* [TASK REQUIREMENTS]:
Take the lines from the one containing "Dark infographic: one" through the final line below and restate them exactly. Omit the pictures.

* [INFORMATION]:
+-------+

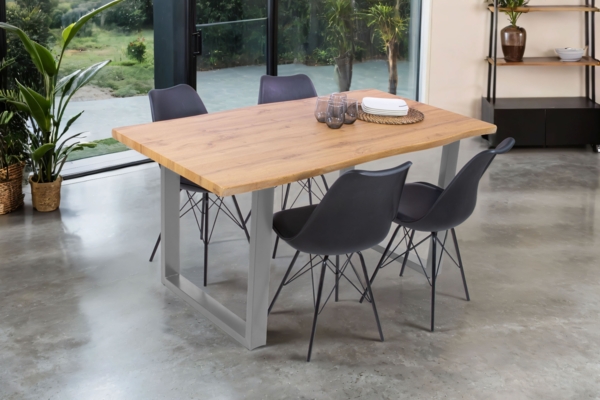 Esstisch Baumkante Holz-Optik Wildeiche 160 x 85 U-Gestell silber JOSY 142464004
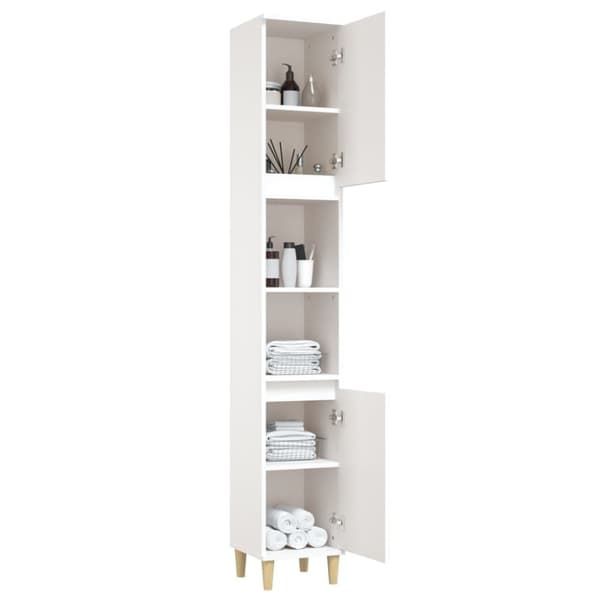 vidaXL badeværelsesskab 30x30x190 cm konstrueret træ hvid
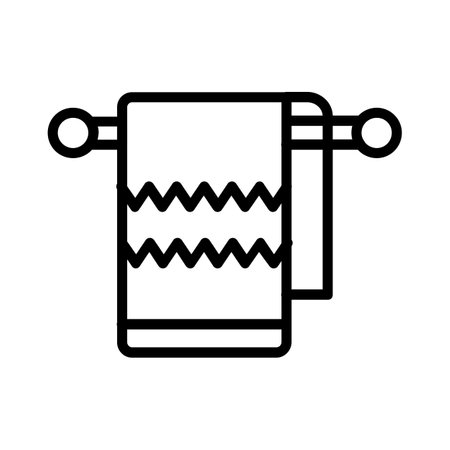 Towel Vector Line Iconのイラスト素材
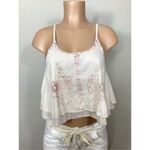 Raga New.  boho ivory/pink embroidered crop top. Small. Retails $109 Photo 2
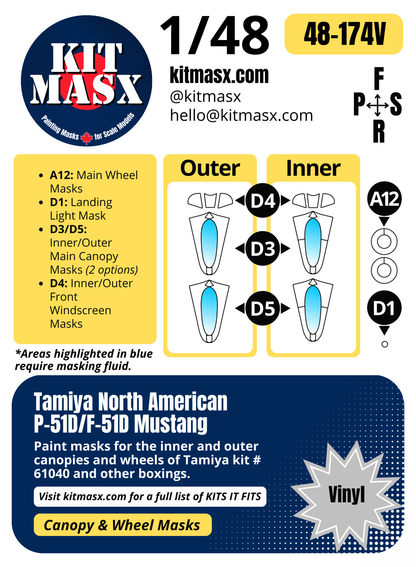 Tamiya North American P-51D/F-51D Mustang 1/48 Canopy & Wheel Paint Masks, Kit # 61040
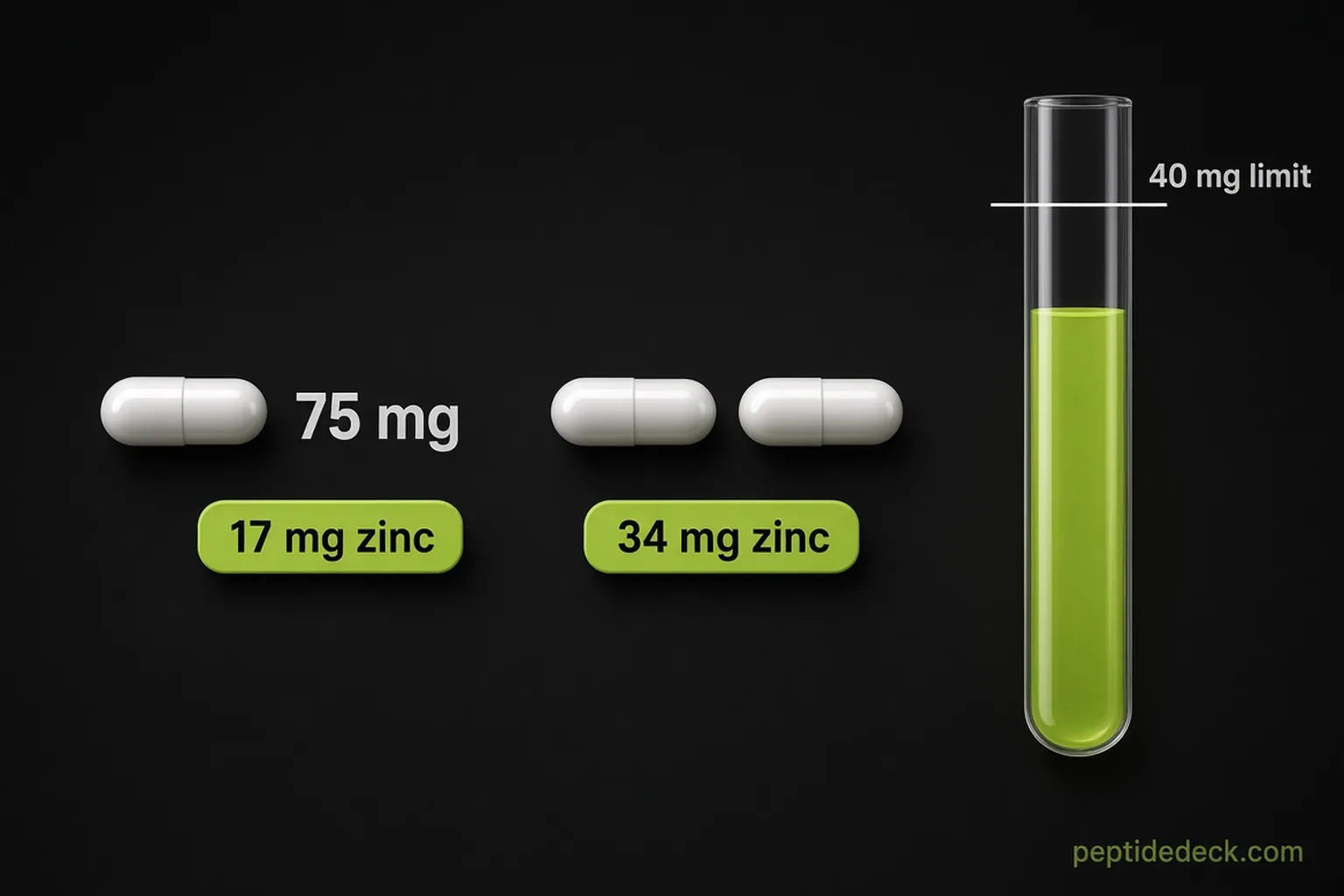 Dark infographic: one 75 mg capsule labelled 17 mg zinc, two capsules adding up to 34 mg zinc, and a lime bar approaching a line marked 40 mg limit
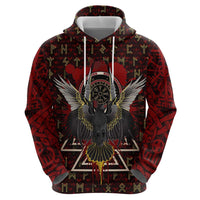 Raven and Bear Norse Symbolism Hoodie Viking Blood Red Rune Art Style
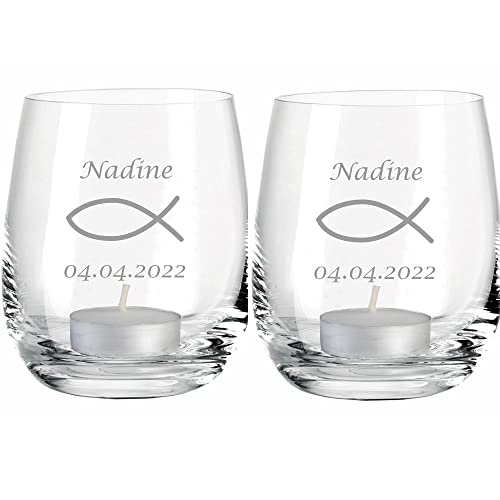 Personalisiertes Teelicht mit Fisch-Gravur I 2er-Set zur Konfirmation - Firmung - Kommunion - Jugendweihe I Windlicht mit Namen & Datum Personalisiertes Teelicht mit Fisch-Gravur I 2er-Set zur Konfirmation - Firmung - Kommunion - Jugendweihe I Windlicht mit Namen & Datum von 4you Design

+-------+

* [EXERCISE RESPONSE]:
 Dark infographic: one 75 mg capsule labelled 17 mg zinc, two capsules adding up to 34 mg zinc, and a lime bar approaching a line marked 40 mg limit
 Raven and Bear Norse Symbolism Hoodie Viking Blood Red Rune Art Style
 Personalisiertes Teelicht mit Fisch-Gravur I 2er-Set zur Konfirmation - Firmung - Kommunion - Jugendweihe I Windlicht mit Namen & Datum Personalisiertes Teelicht mit Fisch-Gravur I 2er-Set zur Konfirmation - Firmung - Kommunion - Jugendweihe I Windlicht mit Namen & Datum von 4you Design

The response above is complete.